There's a big extended balcony arranged as meeting areas, with offices, kitchen and toilets on the ground floor either side of the entrance. That still leaves room for a congregation of around three hundred. Church here is still well attended and relatively prosperous, with more than enough to do for a priest often having to work on his own, or else be training a Curate, and functioning as Area Dean in addition. I get the impression that he has the support he needs, and his Friday worshippers were welcoming to us.
For Clare, this was the first occasion to come to worship since her brother Eddie died, and it was special for me to share with her mentioning him by name in the Lord's presence. Naming people in the context of time-hallowed repetition of well remembered liturgical sentences is such a simple way of bonding the living and dead with each other across the frontier of eternity, mysteriously blending pain and consolation. I find it such a privilege to have been able to continue doing this over the forty six years of my public ministry. There's no magic to this, just the love that heals.
Afterwards, I took her by car across the city to the Spire clinic in Pentwyn for an ultrasound scan of her repaired shoulder, which has been giving her a lot of pain of late. The delightful young German doctor, who spoke excellent English with just the hint of a Scottish brogue to colour her voice, betraying her career history thus far, was most reassuring. The shoulder repairs were intact, the pain was inflammation, treatable with a cortizone injection that will enable Clare to return to regular re-enforcing physio exercise without too much grief.

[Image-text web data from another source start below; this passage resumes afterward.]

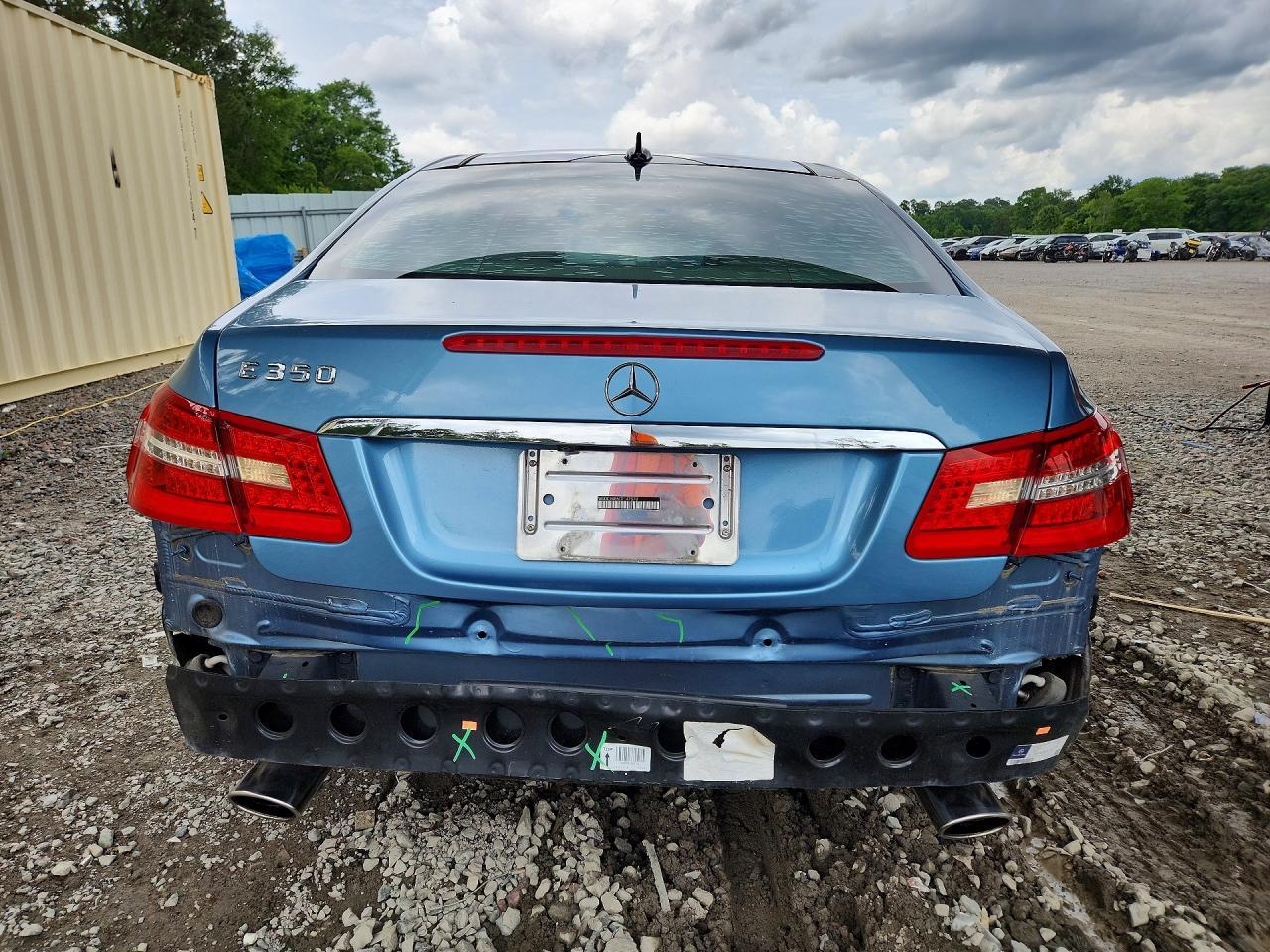 2012 MERCEDES-BENZ E-Class
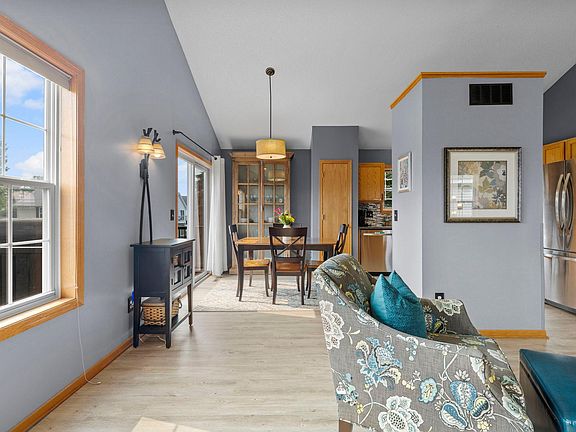 4th image of 7527 Hampton Ln
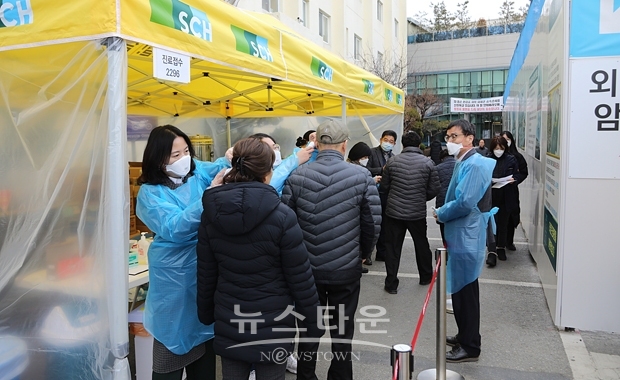 순천향대천안병원이 1월 26일부터 중국폐렴(신종코로나바이러스감염증)의 병원 내 감염예방을 위해 병문안에 대한 전면 통제에 나선 가운데 병원 교직원들이 외래진료관 앞 환자분류소에서 환자와 병원 방문객들을 대상으로 감염의심 여부를 확인하고 있다.
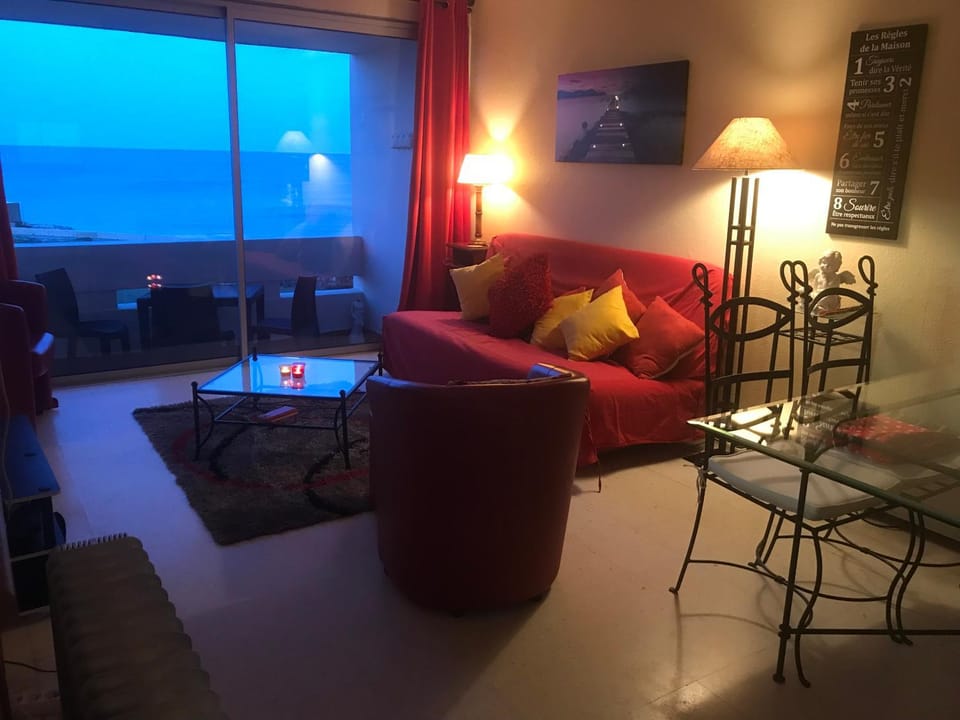 Living room, Seating area, Dining area, Sea view, Sea view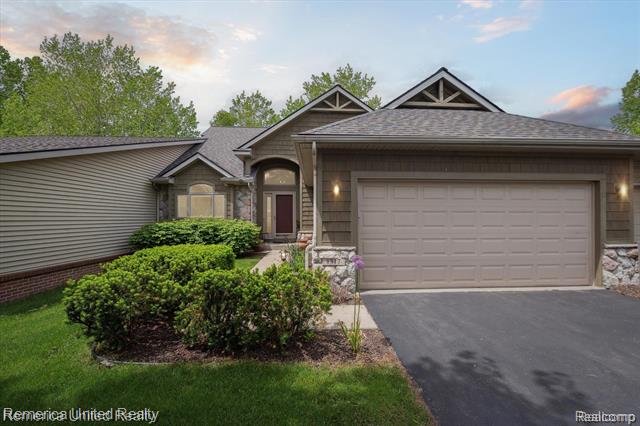 front view picture of 1317 Peppergrove Drive, Brighton, MI. 48116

Resorting to private medical treatment is far from desirable in our opinion, but NHS services are overburdened. There could be months of waiting, coping with the pain and continued uncertainty about how much re-hab effort she should be making. The scan provided the necessary information when most needed, to enable her to continue to make progress. That's worth the expenditure. After all, the money might have paid for that weekend outing we could have taken if it wasn't for the deterrent shoulder pain. Who wants money more than pain? Why blame state medicine when older people like us are part of the challenge it strives to deal with? Affording this little intervention, one way or another helps make things better.
Having taken Clare home after scan and treatment, I popped back into town on the bus to visit the office, and deal with the half dozen responses so far to the BCRP job advert in the 'Western Mail' and on the JobsWales website. This is a promising start, and shows us the value of a rather costly advertising process immediately. I might regret this, if by the deadline, I have dozens of applications to process for the short-listers to consider. So pleased, however, to have eventually got this far.
I couldn't put it off any longer. After supper this evening, I gathered my wits and made the vital effort to complete my 2014-15 tax return. The HMRC website is as good as it gets, and I believe this is my tenth on-line submission. All the required financial information was in good order. The hard bit was remembering just how I'd navigated my way through the plethora of options and technicalities to make an honest and honourable return, in order to pay my dues.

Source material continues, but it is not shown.